■ THE PROBLEM
The entries that follow should be duplicated in full, without a single alteration.

Scraped caption text data:
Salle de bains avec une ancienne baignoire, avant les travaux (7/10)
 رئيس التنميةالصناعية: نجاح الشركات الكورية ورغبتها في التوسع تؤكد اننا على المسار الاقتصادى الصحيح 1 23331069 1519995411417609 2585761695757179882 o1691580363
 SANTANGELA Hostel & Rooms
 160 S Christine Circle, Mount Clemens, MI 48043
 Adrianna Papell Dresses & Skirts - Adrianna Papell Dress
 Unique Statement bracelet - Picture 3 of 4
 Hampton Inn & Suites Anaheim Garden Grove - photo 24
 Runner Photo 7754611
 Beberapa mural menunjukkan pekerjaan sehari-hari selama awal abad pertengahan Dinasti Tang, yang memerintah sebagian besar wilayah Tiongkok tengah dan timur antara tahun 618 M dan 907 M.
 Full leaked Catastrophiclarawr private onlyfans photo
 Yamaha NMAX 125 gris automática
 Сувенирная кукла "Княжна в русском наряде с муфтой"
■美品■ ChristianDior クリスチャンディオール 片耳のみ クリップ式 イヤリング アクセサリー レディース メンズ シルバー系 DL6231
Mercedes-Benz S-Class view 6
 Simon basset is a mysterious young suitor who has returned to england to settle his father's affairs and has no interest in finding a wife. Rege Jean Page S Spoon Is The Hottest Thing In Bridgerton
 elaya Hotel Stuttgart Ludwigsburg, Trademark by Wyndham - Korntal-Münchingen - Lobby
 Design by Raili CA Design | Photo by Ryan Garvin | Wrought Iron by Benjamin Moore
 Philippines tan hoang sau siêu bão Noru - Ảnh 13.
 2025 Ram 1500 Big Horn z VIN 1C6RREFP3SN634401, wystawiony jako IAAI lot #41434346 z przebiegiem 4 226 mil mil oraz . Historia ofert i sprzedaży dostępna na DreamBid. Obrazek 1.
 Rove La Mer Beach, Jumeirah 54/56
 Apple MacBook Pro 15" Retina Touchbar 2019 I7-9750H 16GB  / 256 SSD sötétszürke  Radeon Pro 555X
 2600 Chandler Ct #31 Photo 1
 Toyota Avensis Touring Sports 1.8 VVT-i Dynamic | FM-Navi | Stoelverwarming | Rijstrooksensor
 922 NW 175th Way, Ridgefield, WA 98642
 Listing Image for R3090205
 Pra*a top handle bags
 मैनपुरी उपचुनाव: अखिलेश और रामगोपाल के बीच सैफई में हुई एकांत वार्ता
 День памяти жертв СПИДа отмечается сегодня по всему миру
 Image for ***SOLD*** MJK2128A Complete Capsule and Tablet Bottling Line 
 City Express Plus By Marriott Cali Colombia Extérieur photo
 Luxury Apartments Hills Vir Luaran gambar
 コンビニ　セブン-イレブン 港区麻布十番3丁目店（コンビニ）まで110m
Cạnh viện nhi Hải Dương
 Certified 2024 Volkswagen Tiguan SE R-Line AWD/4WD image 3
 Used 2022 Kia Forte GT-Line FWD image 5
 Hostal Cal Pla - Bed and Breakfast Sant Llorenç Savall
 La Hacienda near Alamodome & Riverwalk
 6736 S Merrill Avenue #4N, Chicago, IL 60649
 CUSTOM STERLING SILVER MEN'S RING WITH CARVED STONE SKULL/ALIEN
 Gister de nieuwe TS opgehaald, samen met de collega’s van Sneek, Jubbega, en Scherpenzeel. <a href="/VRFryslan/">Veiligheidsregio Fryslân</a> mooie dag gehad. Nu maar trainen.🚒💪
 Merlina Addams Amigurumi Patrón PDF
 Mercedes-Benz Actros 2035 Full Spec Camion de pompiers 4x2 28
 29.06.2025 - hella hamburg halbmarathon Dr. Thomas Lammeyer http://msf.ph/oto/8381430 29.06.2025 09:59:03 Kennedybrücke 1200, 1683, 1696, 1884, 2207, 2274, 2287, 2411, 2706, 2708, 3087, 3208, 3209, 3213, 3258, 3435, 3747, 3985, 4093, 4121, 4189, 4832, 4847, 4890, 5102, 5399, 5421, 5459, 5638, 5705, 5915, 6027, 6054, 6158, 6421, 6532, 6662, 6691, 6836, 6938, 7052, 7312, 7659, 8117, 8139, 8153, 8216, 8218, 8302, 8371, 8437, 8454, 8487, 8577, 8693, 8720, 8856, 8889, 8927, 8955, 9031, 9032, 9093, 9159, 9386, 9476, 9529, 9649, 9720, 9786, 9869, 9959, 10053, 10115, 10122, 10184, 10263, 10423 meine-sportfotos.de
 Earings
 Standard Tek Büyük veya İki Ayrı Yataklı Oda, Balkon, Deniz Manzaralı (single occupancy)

■ RESPONSE FOR THIS EXERCISE
Salle de bains avec une ancienne baignoire, avant les travaux (7/10)
 رئيس التنميةالصناعية: نجاح الشركات الكورية ورغبتها في التوسع تؤكد اننا على المسار الاقتصادى الصحيح 1 23331069 1519995411417609 2585761695757179882 o1691580363
 SANTANGELA Hostel & Rooms
 160 S Christine Circle, Mount Clemens, MI 48043
 Adrianna Papell Dresses & Skirts - Adrianna Papell Dress
 Unique Statement bracelet - Picture 3 of 4
 Hampton Inn & Suites Anaheim Garden Grove - photo 24
 Runner Photo 7754611
 Beberapa mural menunjukkan pekerjaan sehari-hari selama awal abad pertengahan Dinasti Tang, yang memerintah sebagian besar wilayah Tiongkok tengah dan timur antara tahun 618 M dan 907 M.
 Full leaked Catastrophiclarawr private onlyfans photo
 Yamaha NMAX 125 gris automática
 Сувенирная кукла "Княжна в русском наряде с муфтой"
■美品■ ChristianDior クリスチャンディオール 片耳のみ クリップ式 イヤリング アクセサリー レディース メンズ シルバー系 DL6231
Mercedes-Benz S-Class view 6
 Simon basset is a mysterious young suitor who has returned to england to settle his father's affairs and has no interest in finding a wife. Rege Jean Page S Spoon Is The Hottest Thing In Bridgerton
 elaya Hotel Stuttgart Ludwigsburg, Trademark by Wyndham - Korntal-Münchingen - Lobby
 Design by Raili CA Design | Photo by Ryan Garvin | Wrought Iron by Benjamin Moore
 Philippines tan hoang sau siêu bão Noru - Ảnh 13.
 2025 Ram 1500 Big Horn z VIN 1C6RREFP3SN634401, wystawiony jako IAAI lot #41434346 z przebiegiem 4 226 mil mil oraz . Historia ofert i sprzedaży dostępna na DreamBid. Obrazek 1.
 Rove La Mer Beach, Jumeirah 54/56
 Apple MacBook Pro 15" Retina Touchbar 2019 I7-9750H 16GB  / 256 SSD sötétszürke  Radeon Pro 555X
 2600 Chandler Ct #31 Photo 1
 Toyota Avensis Touring Sports 1.8 VVT-i Dynamic | FM-Navi | Stoelverwarming | Rijstrooksensor
 922 NW 175th Way, Ridgefield, WA 98642
 Listing Image for R3090205
 Pra*a top handle bags
 मैनपुरी उपचुनाव: अखिलेश और रामगोपाल के बीच सैफई में हुई एकांत वार्ता
 День памяти жертв СПИДа отмечается сегодня по всему миру
 Image for ***SOLD*** MJK2128A Complete Capsule and Tablet Bottling Line 
 City Express Plus By Marriott Cali Colombia Extérieur photo
 Luxury Apartments Hills Vir Luaran gambar
 コンビニ　セブン-イレブン 港区麻布十番3丁目店（コンビニ）まで110m
Cạnh viện nhi Hải Dương
 Certified 2024 Volkswagen Tiguan SE R-Line AWD/4WD image 3
 Used 2022 Kia Forte GT-Line FWD image 5
 Hostal Cal Pla - Bed and Breakfast Sant Llorenç Savall
 La Hacienda near Alamodome & Riverwalk
 6736 S Merrill Avenue #4N, Chicago, IL 60649
 CUSTOM STERLING SILVER MEN'S RING WITH CARVED STONE SKULL/ALIEN
 Gister de nieuwe TS opgehaald, samen met de collega’s van Sneek, Jubbega, en Scherpenzeel. <a href="/VRFryslan/">Veiligheidsregio Fryslân</a> mooie dag gehad. Nu maar trainen.🚒💪
 Merlina Addams Amigurumi Patrón PDF
 Mercedes-Benz Actros 2035 Full Spec Camion de pompiers 4x2 28
 29.06.2025 - hella hamburg halbmarathon Dr. Thomas Lammeyer http://msf.ph/oto/8381430 29.06.2025 09:59:03 Kennedybrücke 1200, 1683, 1696, 1884, 2207, 2274, 2287, 2411, 2706, 2708, 3087, 3208, 3209, 3213, 3258, 3435, 3747, 3985, 4093, 4121, 4189, 4832, 4847, 4890, 5102, 5399, 5421, 5459, 5638, 5705, 5915, 6027, 6054, 6158, 6421, 6532, 6662, 6691, 6836, 6938, 7052, 7312, 7659, 8117, 8139, 8153, 8216, 8218, 8302, 8371, 8437, 8454, 8487, 8577, 8693, 8720, 8856, 8889, 8927, 8955, 9031, 9032, 9093, 9159, 9386, 9476, 9529, 9649, 9720, 9786, 9869, 9959, 10053, 10115, 10122, 10184, 10263, 10423 meine-sportfotos.de
 Earings
 Standard Tek Büyük veya İki Ayrı Yataklı Oda, Balkon, Deniz Manzaralı (single occupancy)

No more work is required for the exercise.